Had coffee with a friend and veteran clothier at his shop in downtown Victoria a few weeks ago to talk about the Shinekits project Jamie and I were launching this month.     We got to chatting about our decision to carry pocket knives. I'd just discovered Grohmann knives in Pictou, Nova Scotia and was absolutely delighted we had the chance to start selling their Canadian made Rosewood folding lock blade.    I didn't have the samples in hand yet but i did have some shots on the iPhone to show him.  

"You know, the true sign of any gentleman was having a pocket knife."  He said. "Back then the only man who could afford to keep a horse was a gentleman. They were a tremendously ruinous expense and only the wealthiest people could have them.  If you had a horse you had to carry a pocket knife to dig stones out of their hooves to keep them from going lame.    Carrying a good folding knife was the measure of a man."

I don't do horses.  They're not my thing.  Had one go nuts on me my first time in the saddle up in Wiarton, Ontario and got taken for a terrifying gallop through the woods. Apparently they don't always stop when you pull on the reigns and say Whoah!   Got thrown off hard and ended up cooking several rubbery shifts on a mix of Midol and Jameson's at my old restaurant for two weeks afterwards.  Given my aversion to further equine pursuits, I didn't see myself digging any stones out of hooves in the foreseeable future.   

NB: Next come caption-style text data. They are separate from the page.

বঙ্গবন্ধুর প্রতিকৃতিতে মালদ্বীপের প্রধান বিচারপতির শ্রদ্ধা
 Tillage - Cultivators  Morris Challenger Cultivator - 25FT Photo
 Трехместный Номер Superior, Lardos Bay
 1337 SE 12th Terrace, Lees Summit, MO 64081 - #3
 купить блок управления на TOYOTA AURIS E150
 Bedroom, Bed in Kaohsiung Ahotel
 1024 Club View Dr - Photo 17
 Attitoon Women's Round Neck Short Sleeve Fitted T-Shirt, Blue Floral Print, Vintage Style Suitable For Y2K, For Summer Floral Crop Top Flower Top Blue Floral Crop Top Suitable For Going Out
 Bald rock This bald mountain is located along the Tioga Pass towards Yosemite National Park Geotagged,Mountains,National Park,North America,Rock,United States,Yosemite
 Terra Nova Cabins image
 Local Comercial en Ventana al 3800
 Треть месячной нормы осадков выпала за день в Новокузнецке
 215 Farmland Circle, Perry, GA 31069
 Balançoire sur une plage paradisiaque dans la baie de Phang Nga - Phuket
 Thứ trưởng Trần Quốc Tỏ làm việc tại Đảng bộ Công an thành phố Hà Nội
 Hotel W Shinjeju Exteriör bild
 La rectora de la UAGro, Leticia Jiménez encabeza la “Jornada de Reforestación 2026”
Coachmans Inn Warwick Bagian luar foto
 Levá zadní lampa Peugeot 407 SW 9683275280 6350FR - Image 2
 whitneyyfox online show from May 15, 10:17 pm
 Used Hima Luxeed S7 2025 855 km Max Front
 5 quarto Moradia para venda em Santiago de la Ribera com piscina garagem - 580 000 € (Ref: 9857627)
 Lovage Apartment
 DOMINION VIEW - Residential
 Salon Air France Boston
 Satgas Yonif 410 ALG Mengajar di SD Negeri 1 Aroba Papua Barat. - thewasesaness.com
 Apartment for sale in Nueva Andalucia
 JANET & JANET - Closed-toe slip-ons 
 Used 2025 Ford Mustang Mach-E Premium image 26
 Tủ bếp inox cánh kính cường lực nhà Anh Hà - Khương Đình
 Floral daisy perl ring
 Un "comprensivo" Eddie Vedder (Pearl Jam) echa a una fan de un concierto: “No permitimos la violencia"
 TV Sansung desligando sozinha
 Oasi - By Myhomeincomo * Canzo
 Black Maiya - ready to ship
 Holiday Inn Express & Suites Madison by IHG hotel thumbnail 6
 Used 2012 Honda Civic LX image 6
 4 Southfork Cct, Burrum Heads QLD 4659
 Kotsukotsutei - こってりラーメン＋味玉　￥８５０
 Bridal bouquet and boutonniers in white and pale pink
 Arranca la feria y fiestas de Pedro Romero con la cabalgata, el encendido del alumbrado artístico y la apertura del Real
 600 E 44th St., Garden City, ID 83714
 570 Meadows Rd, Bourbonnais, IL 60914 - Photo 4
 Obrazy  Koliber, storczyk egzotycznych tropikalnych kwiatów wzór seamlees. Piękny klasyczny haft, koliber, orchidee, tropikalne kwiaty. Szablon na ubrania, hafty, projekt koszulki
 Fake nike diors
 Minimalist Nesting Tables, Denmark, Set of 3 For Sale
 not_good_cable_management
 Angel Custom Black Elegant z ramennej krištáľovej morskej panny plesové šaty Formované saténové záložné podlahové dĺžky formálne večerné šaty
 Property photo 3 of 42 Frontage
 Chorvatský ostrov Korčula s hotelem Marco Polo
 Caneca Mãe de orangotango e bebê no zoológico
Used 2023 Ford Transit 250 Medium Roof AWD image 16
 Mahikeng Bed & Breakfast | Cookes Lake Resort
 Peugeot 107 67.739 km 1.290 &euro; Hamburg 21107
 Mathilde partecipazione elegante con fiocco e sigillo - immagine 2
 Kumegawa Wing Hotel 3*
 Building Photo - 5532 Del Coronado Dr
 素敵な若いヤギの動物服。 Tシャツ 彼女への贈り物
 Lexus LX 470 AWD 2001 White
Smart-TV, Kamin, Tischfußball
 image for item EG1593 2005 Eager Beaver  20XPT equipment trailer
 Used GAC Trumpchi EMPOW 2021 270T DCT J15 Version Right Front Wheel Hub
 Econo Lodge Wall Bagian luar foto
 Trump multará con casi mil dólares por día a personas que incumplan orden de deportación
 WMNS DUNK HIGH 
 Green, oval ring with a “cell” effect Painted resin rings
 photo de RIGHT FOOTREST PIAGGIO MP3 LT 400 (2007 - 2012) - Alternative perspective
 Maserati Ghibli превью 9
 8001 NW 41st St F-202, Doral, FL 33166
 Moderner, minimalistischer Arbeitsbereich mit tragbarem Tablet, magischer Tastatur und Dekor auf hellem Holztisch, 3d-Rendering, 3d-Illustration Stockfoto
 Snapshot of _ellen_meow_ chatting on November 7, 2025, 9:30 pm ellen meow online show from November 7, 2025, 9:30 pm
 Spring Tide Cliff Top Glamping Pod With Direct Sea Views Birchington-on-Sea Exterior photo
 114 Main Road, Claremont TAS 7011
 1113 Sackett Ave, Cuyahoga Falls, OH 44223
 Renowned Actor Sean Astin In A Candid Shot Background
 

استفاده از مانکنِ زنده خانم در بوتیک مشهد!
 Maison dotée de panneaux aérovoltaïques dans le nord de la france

Yet, lately I've begun carrying a pocket knife again.   I've got my grandfather's old ivory-handled 3 inch single folder.   It's faded and cracked on one side and the high carbon steel is a dull pallid grey.   My gravy can this thing take an edge.   I keep it shaving sharp with an Arkansas stone and an old belt for a strop.  I’ve done a few too many sharpness tests and now I’ve got bare patches on my arm.   


My Grandfathers Pocket Knife

With three little girls on the go it certainly comes in handy.   In any given month there's at least two birthday parties to attend.   That means bags of chips and gummy bears to cut open, and slab cakes from Costco to slice into.  For our own birthday parties we burn CD's of the girl's favourite pop songs and print off custom covers that need cropping with a steel ruler to fit into the jewel case.   That’s a fun task to do 18 times 30 minutes before a party.   I've eased off the brake callipers on my eldest's BMX when she's out shredding at the Cecilia Ravine park  and carved many a good marshmallow roasting stick for cookouts on the beach at Parksville.  I’ve cleaned up 6 year old fingernails dirty enough to grow potatoes in and I’ve dug splinters out of little feet that didn’t listen when they were climbing on driftwood logs at Willows Beach without their sandals.   A gentleman may no longer need to carry a knife these days but a dad sure does.  Now I just need to use it to cut the foil off this bottle of Tempranillo and pour myself a glass while I barbecue these ribs!  Happy Father’s day to all.